2013-01-01T00:00:00ZAssessing and improving care for patients with TB/HIV/STIs in a rural district in KwaZulu-Natal South Africa
http://hdl.handle.net/10566/1040
Assessing and improving care for patients with TB/HIV/STIs in a rural district in KwaZulu-Natal South Africa
Loveday, Marion; Scott, Vera; McLaughlin, Jennifer; Amien, Feroza; Virgina, Zweigenthal
Setting: Despite the prioritisation of TB, HIV and STI programmes
in South Africa, service targets are not achieved, have had little
effect, and the magnitude of the epidemics continues to escalate.
Objective. To report on a participatory quality improvement
intervention designed to evaluate these priority programmes in
primary health care (PHC) clinics in a rural district in KwaZulu-Natal.

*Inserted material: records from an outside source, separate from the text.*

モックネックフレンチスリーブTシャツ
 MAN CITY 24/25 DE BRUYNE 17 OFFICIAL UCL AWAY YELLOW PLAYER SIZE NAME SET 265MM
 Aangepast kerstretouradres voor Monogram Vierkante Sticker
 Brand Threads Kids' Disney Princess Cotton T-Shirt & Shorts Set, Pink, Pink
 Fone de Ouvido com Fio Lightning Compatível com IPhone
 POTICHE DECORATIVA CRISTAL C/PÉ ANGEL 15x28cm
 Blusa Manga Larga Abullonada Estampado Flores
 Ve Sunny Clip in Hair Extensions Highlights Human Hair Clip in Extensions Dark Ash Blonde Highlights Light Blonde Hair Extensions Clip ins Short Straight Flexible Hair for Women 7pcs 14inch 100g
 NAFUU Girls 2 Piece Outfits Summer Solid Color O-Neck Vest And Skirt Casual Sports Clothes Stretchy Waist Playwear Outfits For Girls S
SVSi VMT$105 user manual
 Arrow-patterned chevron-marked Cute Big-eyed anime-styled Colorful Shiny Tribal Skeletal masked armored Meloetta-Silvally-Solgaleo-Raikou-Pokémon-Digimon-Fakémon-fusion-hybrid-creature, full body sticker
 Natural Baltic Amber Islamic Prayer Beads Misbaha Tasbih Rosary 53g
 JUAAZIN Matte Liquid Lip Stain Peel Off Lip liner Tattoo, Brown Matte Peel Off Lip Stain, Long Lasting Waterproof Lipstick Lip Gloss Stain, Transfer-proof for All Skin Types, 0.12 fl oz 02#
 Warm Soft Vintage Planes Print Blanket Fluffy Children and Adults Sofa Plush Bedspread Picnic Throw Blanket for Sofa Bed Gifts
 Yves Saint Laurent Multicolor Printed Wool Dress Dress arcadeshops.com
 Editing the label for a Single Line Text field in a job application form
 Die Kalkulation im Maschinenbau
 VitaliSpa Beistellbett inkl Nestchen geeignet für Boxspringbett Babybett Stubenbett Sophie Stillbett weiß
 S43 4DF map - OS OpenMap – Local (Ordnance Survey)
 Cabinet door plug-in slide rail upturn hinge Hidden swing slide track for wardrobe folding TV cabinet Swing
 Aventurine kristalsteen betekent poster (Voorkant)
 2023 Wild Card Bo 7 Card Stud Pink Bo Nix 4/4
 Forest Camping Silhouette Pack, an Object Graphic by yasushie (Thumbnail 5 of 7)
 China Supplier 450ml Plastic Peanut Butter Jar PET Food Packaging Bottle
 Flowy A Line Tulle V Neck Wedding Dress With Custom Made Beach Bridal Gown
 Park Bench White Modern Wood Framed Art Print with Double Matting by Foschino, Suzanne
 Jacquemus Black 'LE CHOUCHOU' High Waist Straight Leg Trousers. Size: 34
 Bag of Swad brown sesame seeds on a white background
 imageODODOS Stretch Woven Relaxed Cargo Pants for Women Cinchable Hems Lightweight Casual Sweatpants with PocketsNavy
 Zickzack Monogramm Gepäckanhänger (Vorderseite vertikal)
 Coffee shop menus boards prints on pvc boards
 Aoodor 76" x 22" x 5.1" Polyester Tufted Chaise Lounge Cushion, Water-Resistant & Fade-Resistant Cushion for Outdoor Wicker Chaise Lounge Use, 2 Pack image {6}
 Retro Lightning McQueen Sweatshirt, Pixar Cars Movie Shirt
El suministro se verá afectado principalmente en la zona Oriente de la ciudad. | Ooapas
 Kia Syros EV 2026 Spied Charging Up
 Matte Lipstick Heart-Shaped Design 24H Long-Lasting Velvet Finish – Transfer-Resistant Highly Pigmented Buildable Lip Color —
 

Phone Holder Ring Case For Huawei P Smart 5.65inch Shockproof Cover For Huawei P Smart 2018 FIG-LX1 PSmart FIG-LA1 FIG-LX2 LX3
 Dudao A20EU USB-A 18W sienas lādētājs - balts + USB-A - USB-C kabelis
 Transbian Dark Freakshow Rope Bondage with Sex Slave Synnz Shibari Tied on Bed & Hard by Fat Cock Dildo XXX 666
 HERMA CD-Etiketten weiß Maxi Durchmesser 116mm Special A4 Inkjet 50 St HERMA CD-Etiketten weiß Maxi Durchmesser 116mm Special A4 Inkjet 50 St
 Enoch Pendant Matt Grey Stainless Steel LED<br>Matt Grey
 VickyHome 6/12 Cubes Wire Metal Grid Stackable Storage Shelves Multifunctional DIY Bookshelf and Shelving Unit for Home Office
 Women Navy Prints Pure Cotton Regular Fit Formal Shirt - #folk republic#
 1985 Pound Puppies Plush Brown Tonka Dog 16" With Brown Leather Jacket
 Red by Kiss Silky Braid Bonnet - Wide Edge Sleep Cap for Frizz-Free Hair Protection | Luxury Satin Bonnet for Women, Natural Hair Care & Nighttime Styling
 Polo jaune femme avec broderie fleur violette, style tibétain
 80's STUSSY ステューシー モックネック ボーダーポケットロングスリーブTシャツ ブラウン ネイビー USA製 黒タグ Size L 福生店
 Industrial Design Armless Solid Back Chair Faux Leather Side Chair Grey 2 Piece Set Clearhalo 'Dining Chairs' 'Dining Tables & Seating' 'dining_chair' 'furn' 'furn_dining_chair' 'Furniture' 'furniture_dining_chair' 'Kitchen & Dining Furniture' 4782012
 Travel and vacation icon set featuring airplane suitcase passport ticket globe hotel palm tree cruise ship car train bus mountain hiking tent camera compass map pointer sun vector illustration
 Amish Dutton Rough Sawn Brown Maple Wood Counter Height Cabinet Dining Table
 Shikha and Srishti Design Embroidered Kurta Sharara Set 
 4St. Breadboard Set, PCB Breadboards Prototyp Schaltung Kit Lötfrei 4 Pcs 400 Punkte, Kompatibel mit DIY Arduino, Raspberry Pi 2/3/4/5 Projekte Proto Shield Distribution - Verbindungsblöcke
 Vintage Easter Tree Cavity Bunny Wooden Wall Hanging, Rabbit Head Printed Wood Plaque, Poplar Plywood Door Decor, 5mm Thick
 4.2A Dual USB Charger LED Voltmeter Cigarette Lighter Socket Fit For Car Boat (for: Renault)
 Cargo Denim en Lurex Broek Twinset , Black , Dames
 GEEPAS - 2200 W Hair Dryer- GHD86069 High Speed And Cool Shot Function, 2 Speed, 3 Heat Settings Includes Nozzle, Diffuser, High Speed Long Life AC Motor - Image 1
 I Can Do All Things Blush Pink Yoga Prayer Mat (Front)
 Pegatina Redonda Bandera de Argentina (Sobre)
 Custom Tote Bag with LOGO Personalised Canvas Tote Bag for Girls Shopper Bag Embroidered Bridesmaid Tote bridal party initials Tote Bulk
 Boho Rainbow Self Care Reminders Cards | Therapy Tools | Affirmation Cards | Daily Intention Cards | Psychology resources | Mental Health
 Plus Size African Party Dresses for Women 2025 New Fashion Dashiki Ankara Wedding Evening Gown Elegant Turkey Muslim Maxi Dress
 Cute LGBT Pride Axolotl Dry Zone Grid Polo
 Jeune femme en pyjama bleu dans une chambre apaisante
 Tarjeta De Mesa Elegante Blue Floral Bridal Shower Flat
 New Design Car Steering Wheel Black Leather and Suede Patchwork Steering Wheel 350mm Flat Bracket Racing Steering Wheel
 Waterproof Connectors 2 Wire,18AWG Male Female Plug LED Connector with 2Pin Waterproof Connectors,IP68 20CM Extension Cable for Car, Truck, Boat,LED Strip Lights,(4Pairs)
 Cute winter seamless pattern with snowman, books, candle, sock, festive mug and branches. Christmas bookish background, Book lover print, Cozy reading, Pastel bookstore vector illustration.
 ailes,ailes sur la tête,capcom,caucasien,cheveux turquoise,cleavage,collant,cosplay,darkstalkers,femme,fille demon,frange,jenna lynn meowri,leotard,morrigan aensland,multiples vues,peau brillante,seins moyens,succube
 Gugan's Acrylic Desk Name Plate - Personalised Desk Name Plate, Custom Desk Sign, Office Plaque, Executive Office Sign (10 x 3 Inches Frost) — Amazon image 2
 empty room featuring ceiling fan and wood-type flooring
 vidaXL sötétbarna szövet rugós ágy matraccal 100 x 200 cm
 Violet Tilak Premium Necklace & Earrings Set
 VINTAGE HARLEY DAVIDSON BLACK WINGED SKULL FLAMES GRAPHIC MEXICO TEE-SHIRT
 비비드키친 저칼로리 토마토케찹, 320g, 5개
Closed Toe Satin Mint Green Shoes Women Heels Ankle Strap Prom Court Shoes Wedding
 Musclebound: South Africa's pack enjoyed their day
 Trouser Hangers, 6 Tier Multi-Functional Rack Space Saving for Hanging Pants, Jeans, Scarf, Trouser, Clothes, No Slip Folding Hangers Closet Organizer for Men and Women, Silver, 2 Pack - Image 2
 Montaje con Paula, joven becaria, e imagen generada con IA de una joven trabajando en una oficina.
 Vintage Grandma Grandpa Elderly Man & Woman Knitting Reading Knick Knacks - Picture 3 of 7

Methods: A participatory quality improvement intervention with
district health managers, PHC supervisors and researchers was
used to modify a TB/HIV/STI audit tool for use in a rural area,
conduct a district-wide clinic audit, assess performance, set targets
and develop plans to address the problems identified.
Results: We highlight weaknesses in training and support of
staff at PHC clinics, pharmaceutical and laboratory failures, and
inadequate monitoring of patients as contributing to poor TB,
HIV and STI service implementation. In the 25 facilities audited,
71% of the clinical staff had received no training in TB diagnosis
and management, and 46% of the facilities were visited monthly
by a PHC supervisor. Eighty per cent of the facilities experienced
non-availability of essential drugs and supplies; polymerase chain
reaction (PCR) results were not documented for 54% of specimens
assessed, and the mean length of time between eligibility for ART
and starting treatment was 47 days.
Conclusion: Through a participatory approach, a TB/HIV/STI
audit tool was successfully adapted and implemented in a rural
district. It yielded information enabling managers to identify
obstacles to TB, HIV and STI service implementation and develop
plans to address these. The audit can be used by the district to
monitor priority services at a primary level.